Os dados reforçaram as expectativas de que os formuladores de políticas podem precisar implementar medidas adicionais de apoio para sustentar o crescimento.

O Produto Interno Bruto (PIB) subiu 4,8% no período de julho a setembro em relação ao ano anterior, ante 5,2% no segundo trimestre, de acordo com dados divulgados pelo Departamento Nacional de Estatísticas na segunda-feira.

A leitura correspondeu às previsões de uma pesquisa da Reuters com analistas.

Em uma base trimestral, o crescimento acelerou modestamente para 1,1%, de 1,0% revisado nos três meses anteriores, superando as expectativas de um ganho de 0,8%.

O que está por trás da desaceleração do crescimento da China

A desaceleração ressalta a luta da China para gerar demanda doméstica estável em meio a uma prolongada queda no setor imobiliário e incerteza no comércio global.

Analistas dizem que a desaceleração do setor imobiliário continua a prejudicar o consumo e o investimento, enquanto a escalada das tensões comerciais renovou a pressão sobre os exportadores.

Apesar das exportações resilientes e dos mercados de ações dinâmicos no início do ano, o ímpeto geral vacilou.

A segunda maior economia do mundo continua fortemente dependente da manufatura e da demanda externa, e analistas dizem que o reequilíbrio em direção ao crescimento liderado pelo consumo será um processo longo e difícil.

Riscos tarifários e perspectivas de política

As exportações se recuperaram em setembro, mas os exportadores estão sentindo a pressão das tarifas mais altas dos EUA introduzidas no início deste ano.

Muitos estão sendo forçados a diversificar para novos mercados.

O presidente dos EUA, Donald Trump, ameaçou aumentar as tarifas sobre produtos chineses em mais 100% a partir de 1º de novembro, embora autoridades de ambos os lados tenham sinalizado recentemente a disposição de aliviar as tensões.

Pequim já introduziu medidas modestas de estímulo nos últimos meses, mas os analistas continuam divididos sobre se as autoridades anunciarão mais apoio este ano.

Espera-se que os líderes chineses deliberem sobre o planejamento econômico de longo prazo em uma reunião a portas fechadas de segunda a quinta-feira, que incluirá a discussão do 15º Plano Quinquenal do país.

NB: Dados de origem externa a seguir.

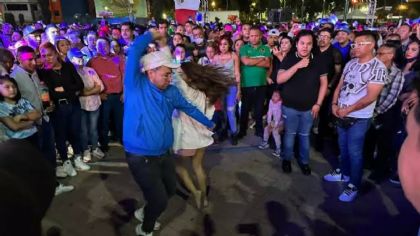 Sonidero Masivo CDMX 2025: ¿Qué grupos de música estarán y cuándo?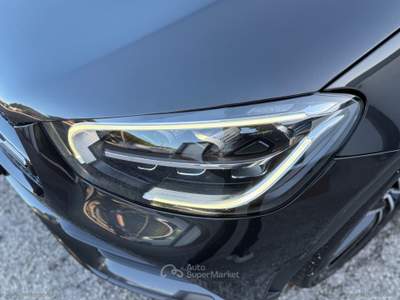 Mercedes-Benz GLC GLC 300 d 4Matic Premium Grigio usata Mesagne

O plano provavelmente priorizará a manufatura de alta tecnologia em meio à intensificação da rivalidade com os Estados Unidos.

Os investidores também estão observando a próxima reunião do Politburo e a Conferência Central de Trabalho Econômico em dezembro em busca de sinais sobre a direção da política para 2026.

Dados setoriais mistos

Os números de segunda-feira também mostraram desempenho desigual em setores-chave.

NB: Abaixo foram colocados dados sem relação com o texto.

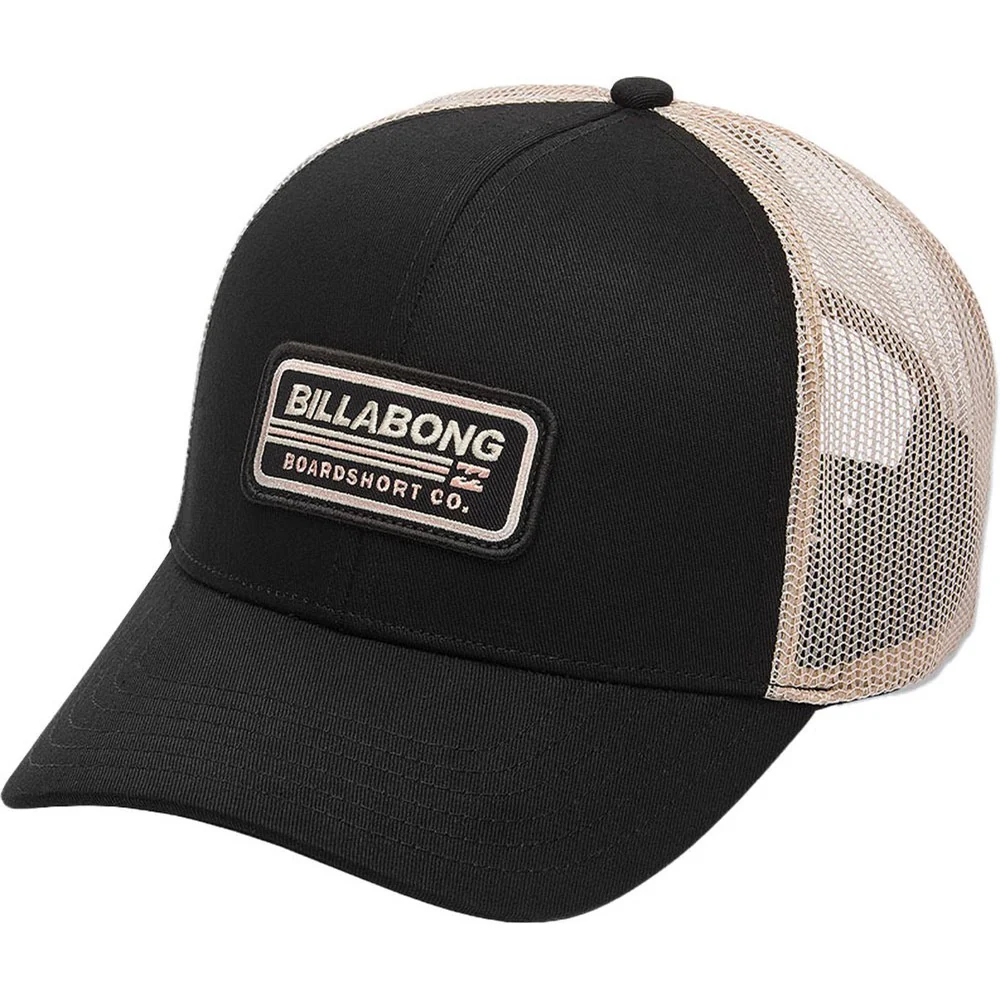 Billabong - Mens Walled Trucker Hat - Image 26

A produção industrial aumentou 6,5% em setembro em relação ao ano anterior, acelerando de um aumento de 5,2% em agosto e superando as previsões de 5,0%.

A forte exibição ajudou a compensar a fraqueza em outros lugares.

As vendas no varejo cresceram apenas 3%, marcando o ritmo mais lento de expansão desde novembro.

O investimento em ativos fixos caiu 0,5% nos primeiros nove meses de 2025, a primeira contração desde 2020, destacando a fragilidade da confiança empresarial.

Apesar da moderação no crescimento geral, o setor industrial da China continua sendo um ponto positivo, com o crescimento da produção industrial de setembro superando as estimativas de todos os economistas.

Ainda assim, as pressões deflacionárias persistentes e a fraca demanda doméstica continuam a representar desafios para os formuladores de políticas que buscam estabilizar a recuperação.